#### [Data records]
###

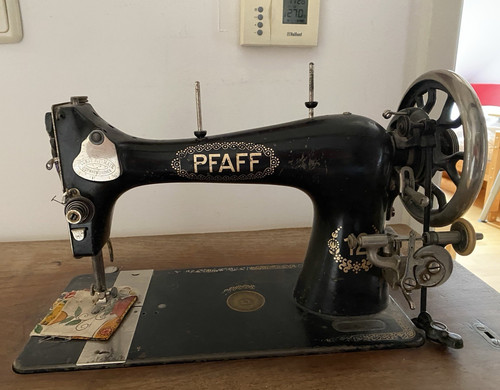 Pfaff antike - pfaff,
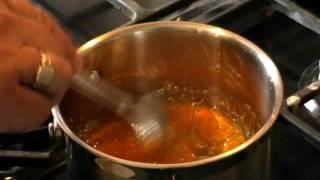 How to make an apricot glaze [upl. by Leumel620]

###

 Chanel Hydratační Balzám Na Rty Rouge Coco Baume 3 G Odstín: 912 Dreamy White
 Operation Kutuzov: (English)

###

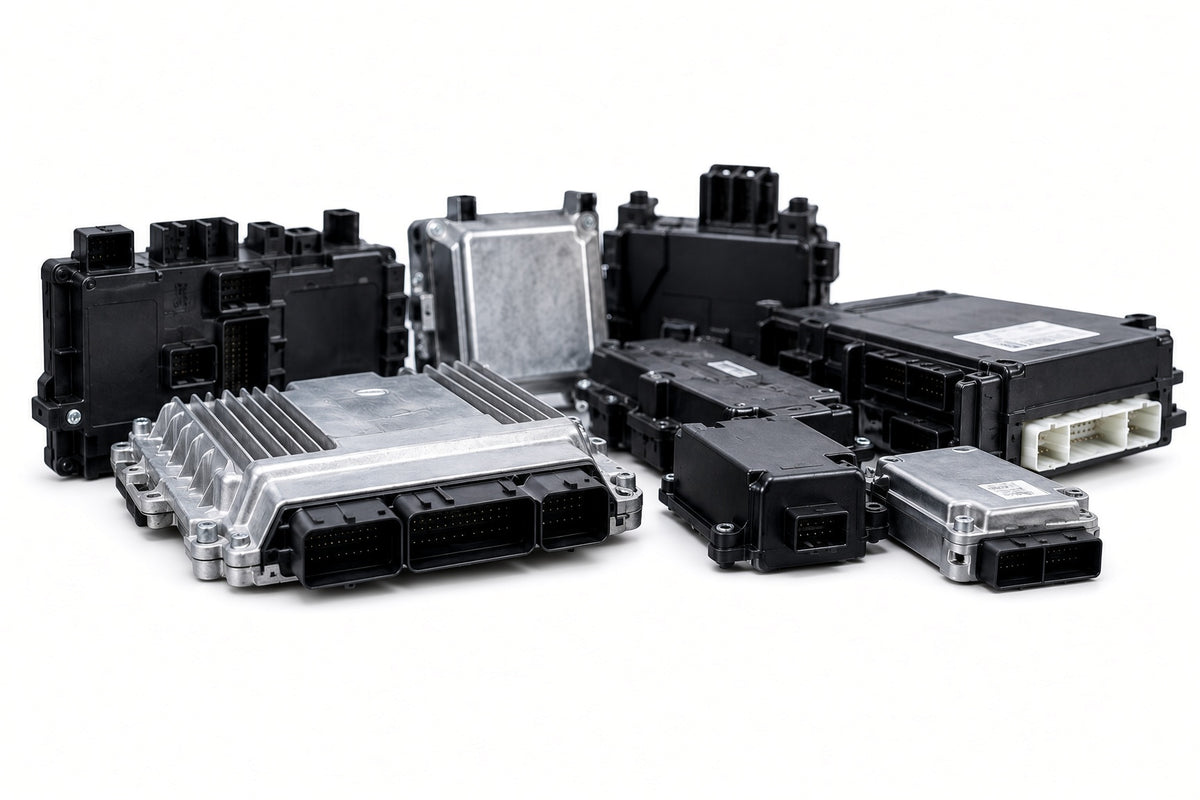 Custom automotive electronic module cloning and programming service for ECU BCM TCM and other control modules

###

#### [Task description]
Please transcribe only the lines in the records above running from the line that has "Chanel Hydratační Balzám" through the line that has "Operation Kutuzov: (English)", both included, exactly as they appear.

#### [Your solution]
 Chanel Hydratační Balzám Na Rty Rouge Coco Baume 3 G Odstín: 912 Dreamy White
 Operation Kutuzov: (English)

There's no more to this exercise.